A Team D3 Client Success Story Focusing on a Creative Solution to Office Space Acoustics

The Customer’s Challenge

The Biomimicry Alliance wanted to find an alternative method for creating sound absorption materials for application in open office work environments. They posed the question, “How would nature absorb sound?” Through investigation, they discovered the “Cabbage Tree Emperor moth” (Bunaea alcinoe) a moth species belonging to the family Saturniidae, native to Southern Africa. This unique moth can avoid its most notorious predator, a bat, and its “sonar” like ability to track its prey. The wings are covered by overlapping scales that are less than (0.0098 inches) long and have a peculiar porous structure. This structure absorbs the echolocation sound of their predators, the bats, and thus helps them to camouflage themselves acoustically. But could they emulate the acoustical features of the moth’s wings and apply it to the design of acoustic panels?

The Project Goals

Our goal for this project was to find creation and analysis tools that would allow them to effectively study, design, analyze and create a working model for real-world testing for their proposed acoustic panels.
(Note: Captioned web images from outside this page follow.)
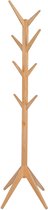 Kamyra® Houten Kapstok Staand met 8 Haken - Garderoberek - Voor in de Hal, Woonkamer en Slaapkamer - Beige 180 cm hoog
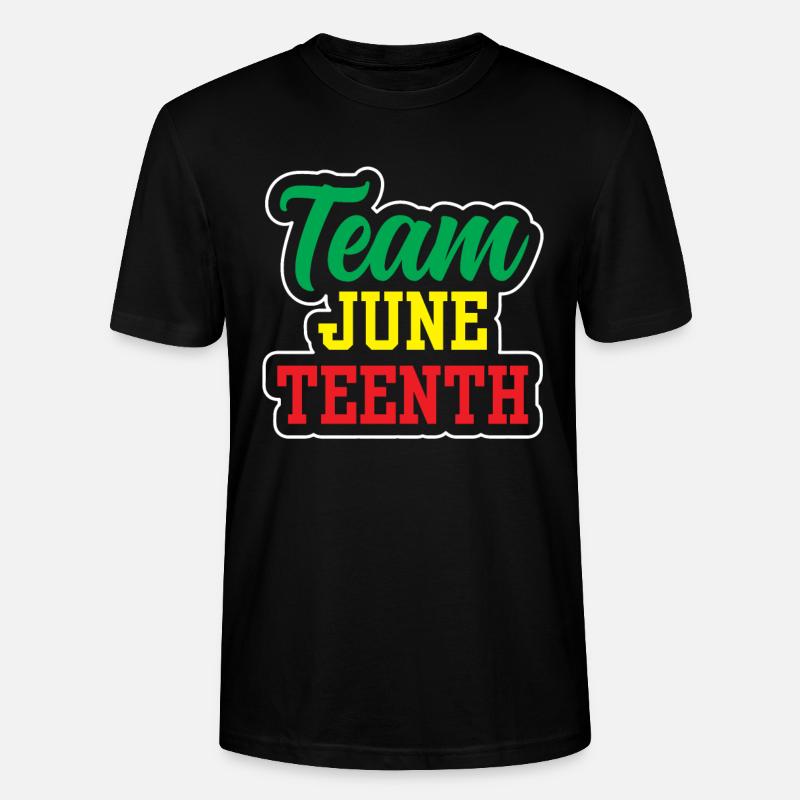 Équipe Juneteenth 1865 Afro-Américain Noir - T-shirt bio CRAFTER Stanley Stella Unisexe - noir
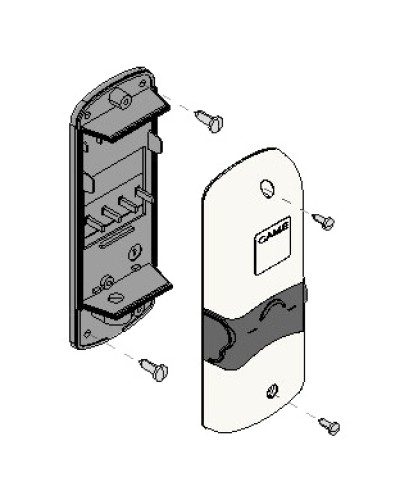 Корпус передатчика DIW01 DIW03 DB Came 119RIR257 в Домодедово Запчасти для шлагбаумов и автоматики Pintop.ru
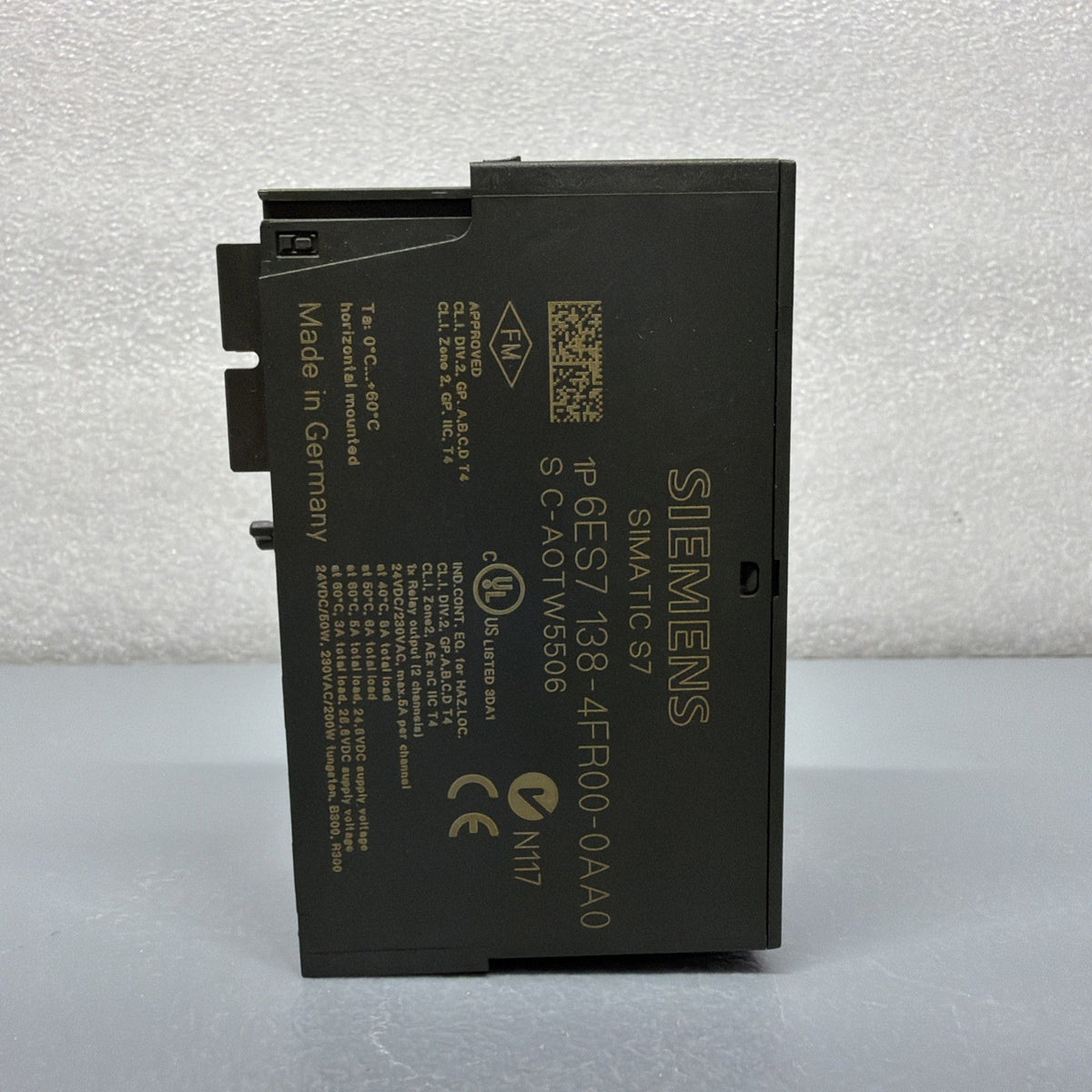 Siemens 6ES7138-4FR00-0AA0 SIMATIC ET 200S Relay Module New Open Box (1.4.2B)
The practical goal was simply to reduce sound bounce that occurs in an open office environment thus making it a less noisy work atmosphere.

The Solution

Under a microscope on a nanostructure level, researchers discovered that the Cabbage Tree Emperor moth’s wings have scales and other structural forms that aid in the absorption of sound. Together, the Biomimicry Alliance and MG AEC used the acquired data and employed the use of Autodesk Dynamo, a computational design software tool, to model the nanostructure of the moth wing. The key to using Dynamo, was not only its parametric design capability using logic but the ability to analyze a digital model without creating a physical prototype. MG AEC created an acoustic panel based off the moth wing, and with the use of another analytic plugin program, MG AEC was able to quickly test the acoustic properties of the digital prototype prior to 3D printing a physical model.

The Business Outcome

The Cabbage Tree Emperor Moth wing panel was then tested in Autodesk Dynamo. The 3D model was generated out of a typical gypsum material as baseline. But even with this hard material, 33% of all sound rays were absorbed by the panels, meaning the moth wing acoustic structure applied to the panel design did aid in sound absorption. The Biomimicry Alliance and MG AEC were satisfied with the results and moved forward with a patent. Without knowing the final results of the testing that is ongoing, it is expected that with the application of a softer material on production panels, that the sound absorption will exceed the 33% reduction noted during the initial testing.


As of now, 3D models of the product have been test printed by way of a 3D printer, and the printed panel is currently being tested in an acoustics lab to further refine the design and the resulting finished product. “Biomimicry is a practice that learns from and mimics the strategies found in nature to solve human design 
challenges.” Biomimicry designs focus on function insomuch as (they “work like” or simulate nature). By observation of nature, and in this case, The Cabbage Tree Emperor Moth, The Biomimicry Alliance and MG AEC were able to apply the biomimicry lesson learned to industrialized construction.